Adam points to a new study estimating a 400K social value of a good teacher. This is in line with other recent estimates. I want to make a couple of notes on how to think about that.
1) Social value isn’t a feel good concept. Hanuschek limits himself to future earnings of the students. The other big drivers are always crime reduction and public assistance reduction. So we are saying better teachers lead to higher wages, lower crime and less welfare. This is a far cry from trying to put numbers on soft factors like civic engagement.
2) As big as these numbers are they actually accord with the way people behave. In areas where private school dominates, parents obsess over getting Johnny into the right private school. There are obviously some peer factors at work here but at its heart a school is primarily a collection of teachers and classrooms. Unless we think the classrooms are really, really good, then the parents are implicitly obsessing over getting the right teachers.

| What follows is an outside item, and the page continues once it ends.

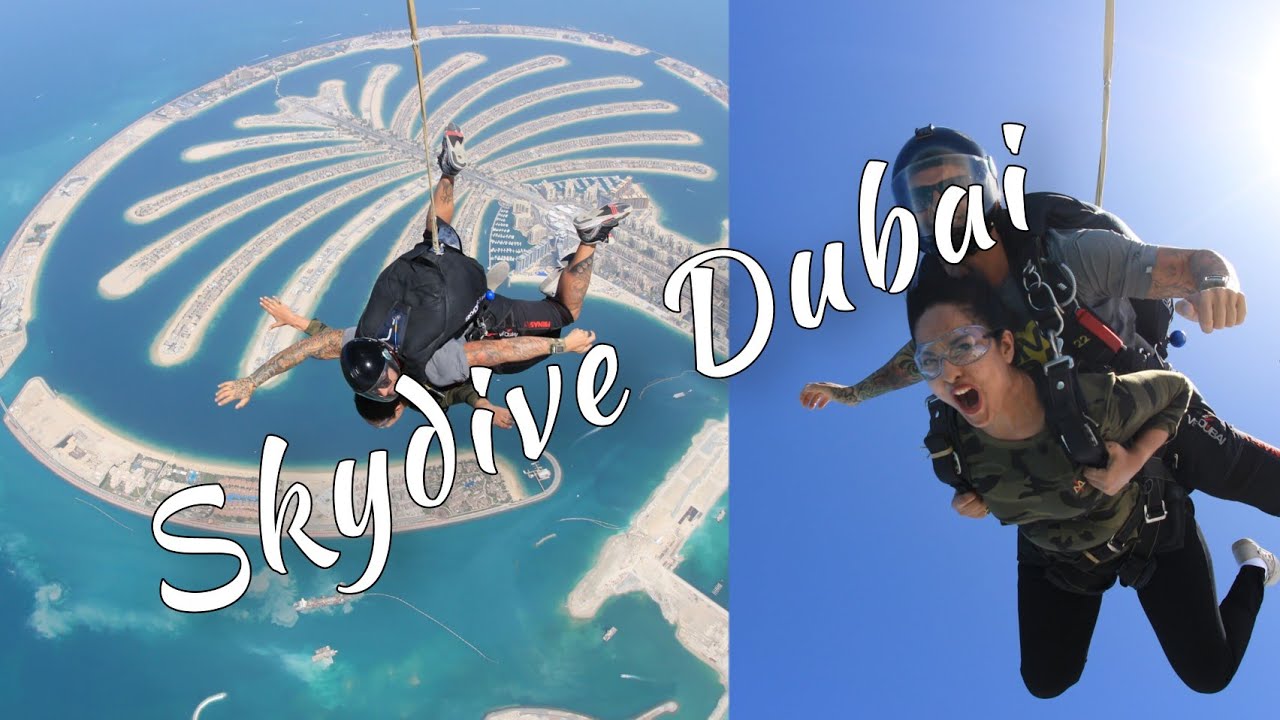 Skydiving over Palm Jumeirah Dubai Skydive Dubai YouTube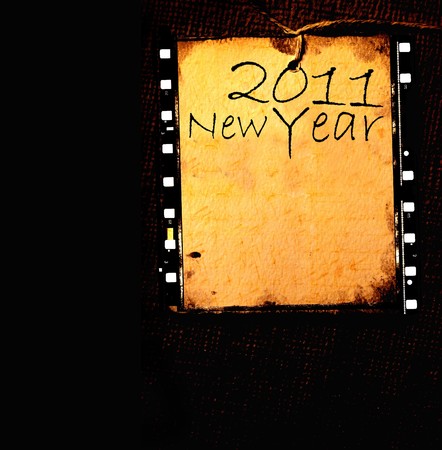 Vintage background with 2011 new year の写真素材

Some of the most gripping scenes in a recent controversial movie shows parents in tears and praying over whether or not their child will win the lottery for entry into a particular school. Rarely do you see people crying and praying that they will get into say, a T.G.I.Fridays. There are some fine dining establishments in New York and elsewhere that might be a different matter.
Yet, we notice that when people are on their knees hoping that God will intervene to get them into a place, that typically translates into a high market value of said place.
So we get big numbers, but people also act like their ought to be big numbers.
3) Not only are university professors paid more than K12 teachers but the pay per instructional hour differs wildly because professors spend so little of their time instructing. We can have a whole debate about why that it is but at the end of the day the market is telling us that the value per hour of professorial instruction is extremely high.
Yet, our science tells gives us strong reason to believe that K12 instruction should be more valuable. In general the older one gets the less impact good education seems to have. Giving someone a great college professor should be less impactful then giving them a great Kindergarten teacher.
Now, it could simply be that the technical nature of university instruction means that great professors are in short supply, while there are plenty of great Kindergarten teachers. Thus, the short supply drives the wages of professors higher. That implies, however, that there is enormous consumer surplus just raining out every single Kindergarten classroom.
That’s not how parent behave. They behave as if some Kindergartens are much better than others. With very low prices on Kindergarten instruction, that looks like market failure.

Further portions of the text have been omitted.